Lara Kulpa (@ArtByLara)
I've been known to doodle on the back of a store receipt just because my brain needs to create *something* all the time. I've drawn on my hand with gel pens. I've squished up my daughter's play-doh into a bowl shape and then destroyed it. And yes, the drive to create, for me, is almost always stronger than the lack of inspiration to.
Just generally take a break and do some things that inspire you, basically catch up with everything outside the world of art, and when you feel motivated again, don't go diving in immediatly, just take it slow and steady.
David Corkery (@DC2021)
For me, as an artist inspiration is rare. The last time I was inspired was after reading’’ Mans Search For Meaning’’ written by a holocaust survivor. I did some pieces in acrylic paint and I started to cry. Other than on these occasions I just get on with the job.
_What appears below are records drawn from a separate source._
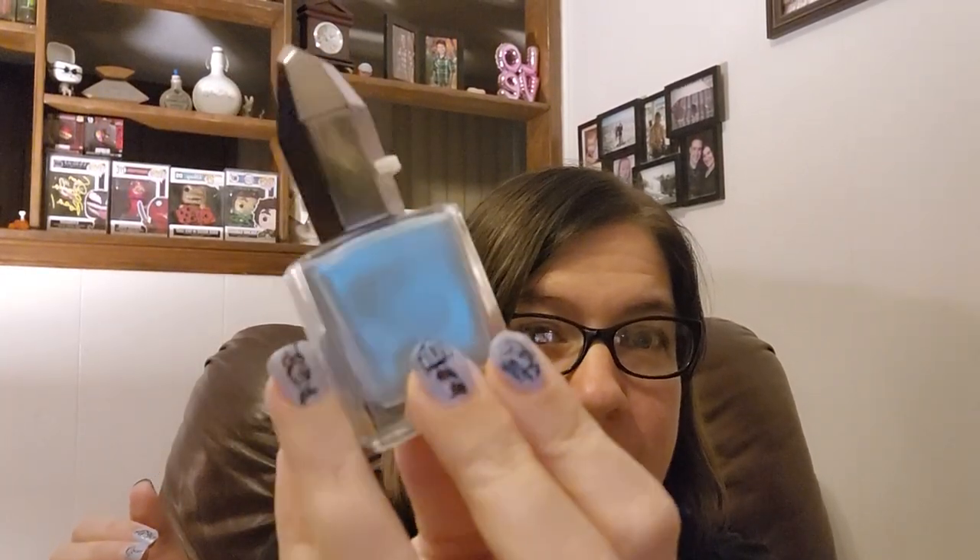Hey guys, it's Dani and today I am doing a stamping plate review. There will also be a small nail polish review in here as well. This is the color I'm wearing on my nails right now — this is the color Saber-Tooth by Moon Cat Polish. Here's the back, just so pretty.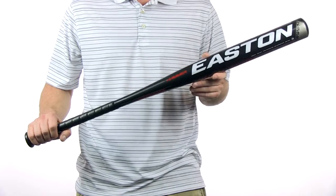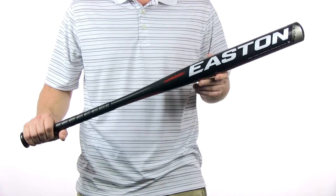Hey, I'm Chris with JustBats.com and this is the Hammer Softball Bat by Easton. This is the Easton Hammer Slow Pitch Model, with a 12 inch barrel length and a 2.25 inch barrel diameter.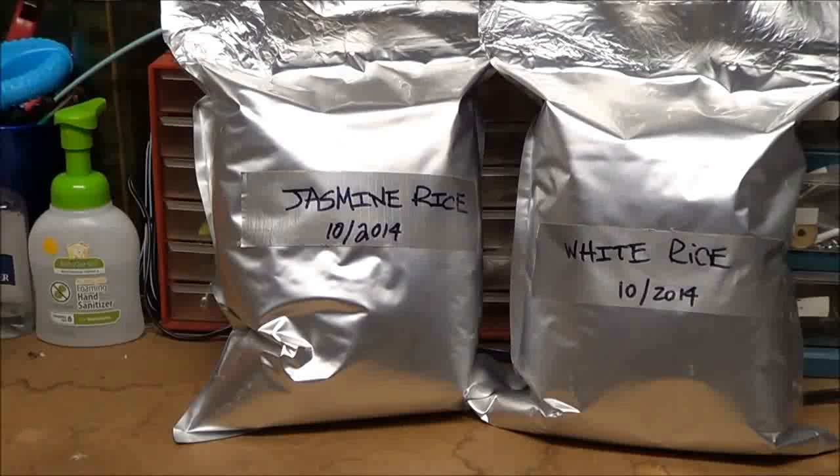It's also great to have the nutritional information, especially in a long-term situation where you need to count calories or monitor how much you're eating because your preps are getting low. You'll want to know how many calories each individual in your family is taking in per day. Here's a picture of what I do.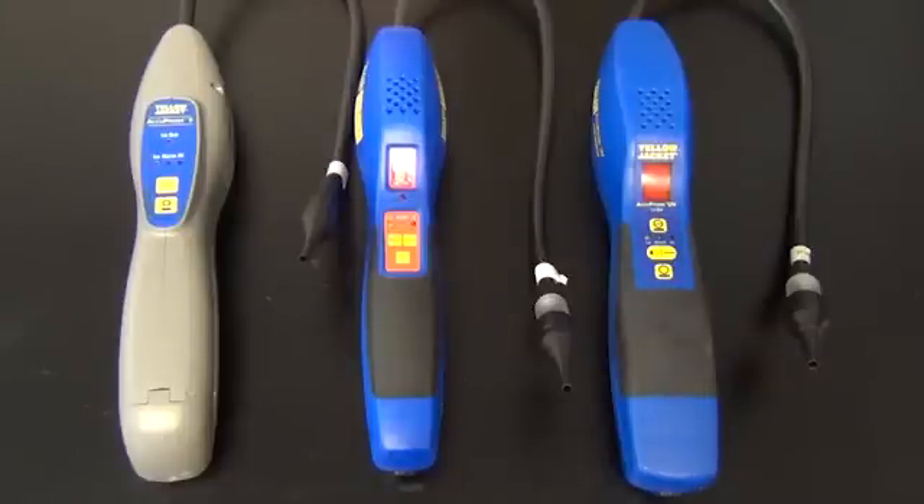In this video we will show you how to test your leak detector using the included leak standard bottle or testing with refrigerant. These both will determine the leak detector performs to specifications.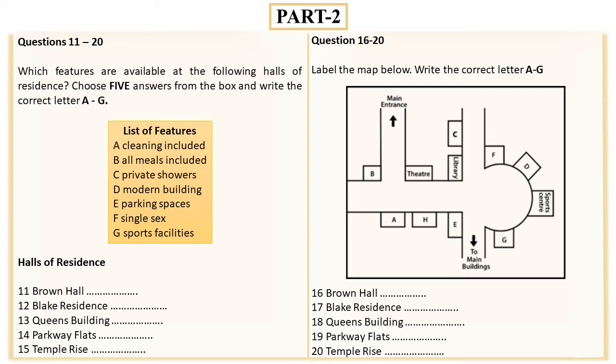You now have 30 seconds to read questions 16 to 20. You might like to go and have a look around where they all are. If you come into the main University entrance, at the first junction you'll find that Brown Hall is on the corner opposite the theatre — so you're nice and near the station, though it can get a bit noisy with traffic.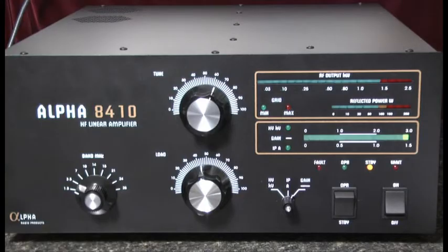Hello, this is Al, K0CN, and I'm here again with the Alpha 8410 linear amplifier. I'd like to spend a few moments reviewing the tuning process for this amp.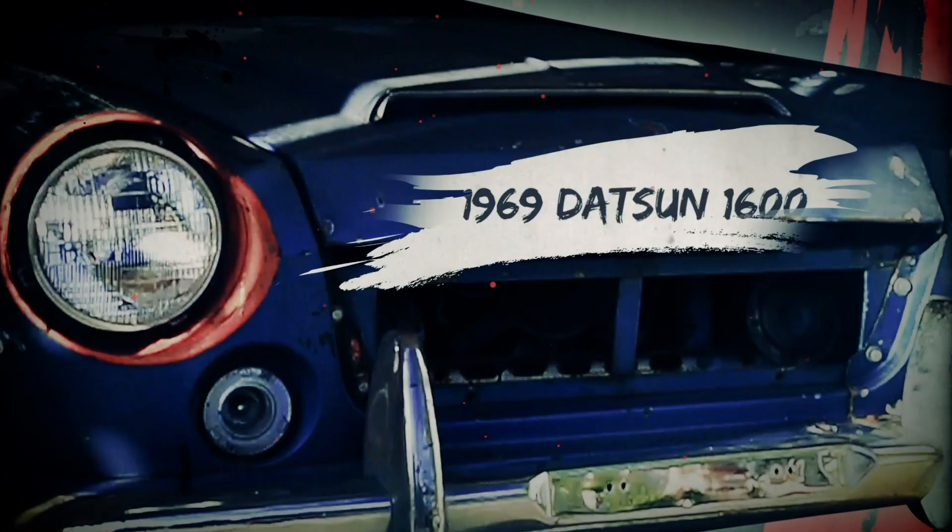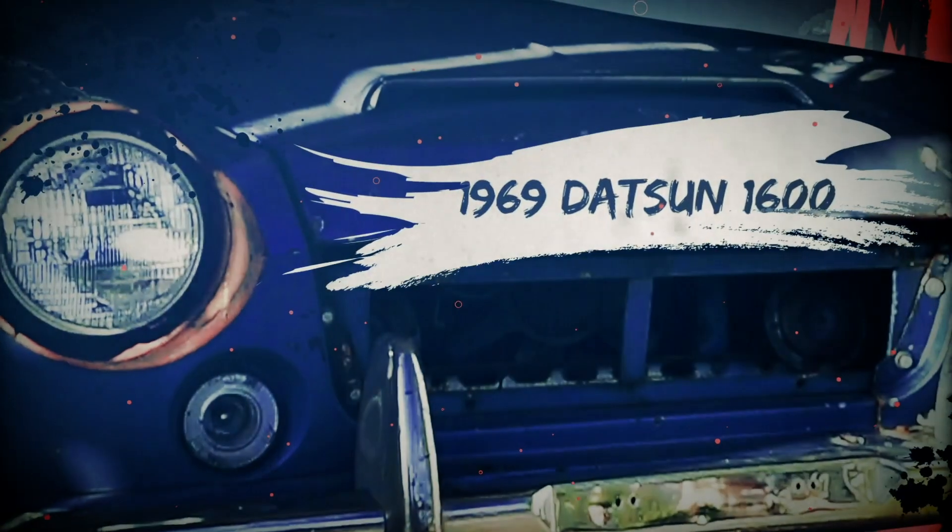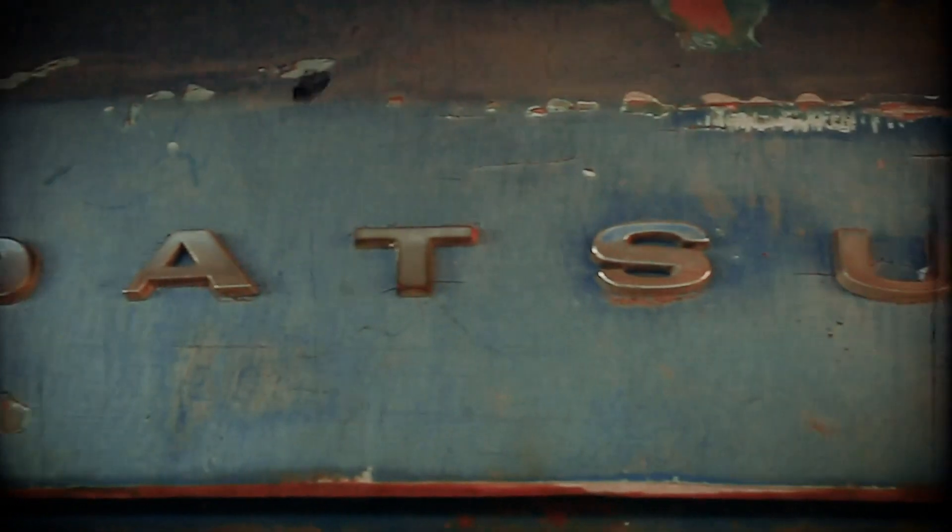This is my new 1969 Datsun 1600 Roadster. There hasn't been an update on the Datsun in a while. I apologize, but I am back.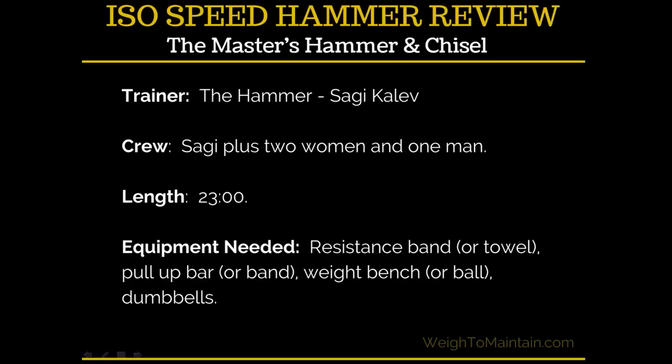So here are the basics. The trainer is Sagi Kalev — he is the hammer of Hammer and Chisel, and you may know him from Body Beast, which is a super weightlifting program that I'm in the middle of right now and totally love. In ISO Speed Hammer, Sagi is working with two women and one man, which is nice. If you've done Body Beast before, it's all men, so as a woman it's great to see other strong capable women in the videos.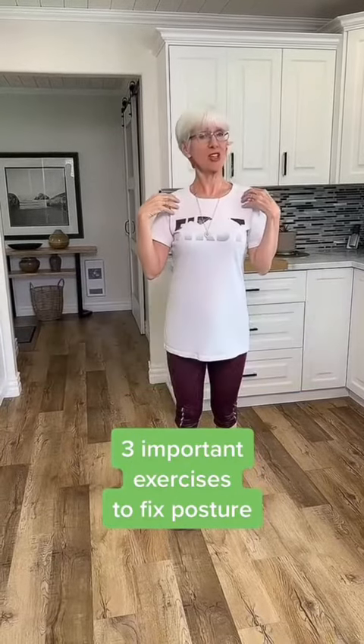What we actually have to do to fix that posture error is to tighten the muscles in the back. By contracting the shoulder blades towards each other, we're going to strengthen the back and stretch the front. That's so important for posture.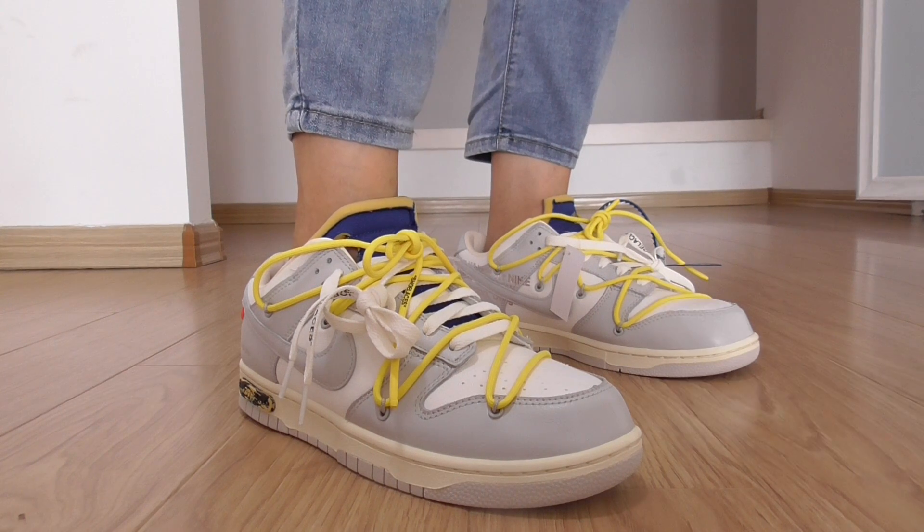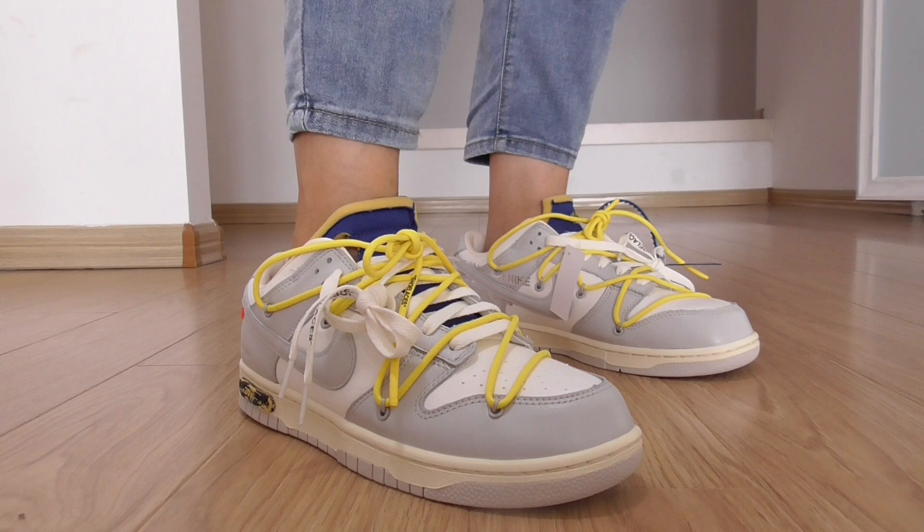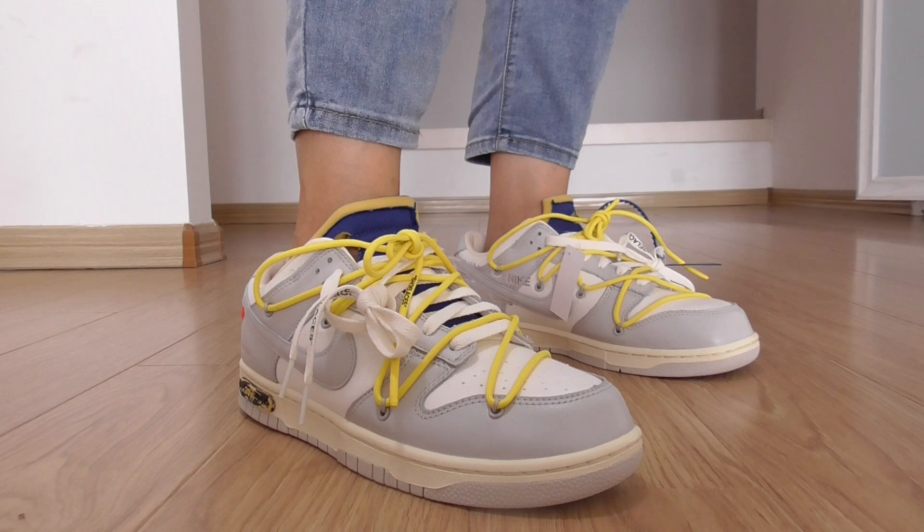As you know, this is a white Nike Dunk Low, not 50. And this one is number 27. This style has number 1 to number 50, and each number has a different color, and some parts on the shoes are different, but the styles are the same. So please check out this number 27.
I think that sometimes you just jump into the act of creation and inspiration comes. If I waited around then I probably would never complete any work.
I jump from medium to medium (ink>pencil>charcoal>pastel>oil>digital>vector>graphic design>photography). The bad part about this is that people think that I have no set 'style' that I work in. Or I just sit down in a quiet place and draw my hand(s). Or read a book. Or go for a hike in the Rocky Mountains.
Lora Sager (@HappyWallz)
If I'm ever in an art slump I'll take my kids cave exploring, hiking with our without the kids (off the beaten trail), again with our without kids I'll go fly fishing or hunting, and sometimes we'll just go to my parents farm and take care of the cows, goats, chickens, ducks. Basically I do things not at related and they have to be activities that are very active. Stuff like these are best for my ADD to kick in and make my brain comes up with amazing ideas for my art, since my mind love to wander bout.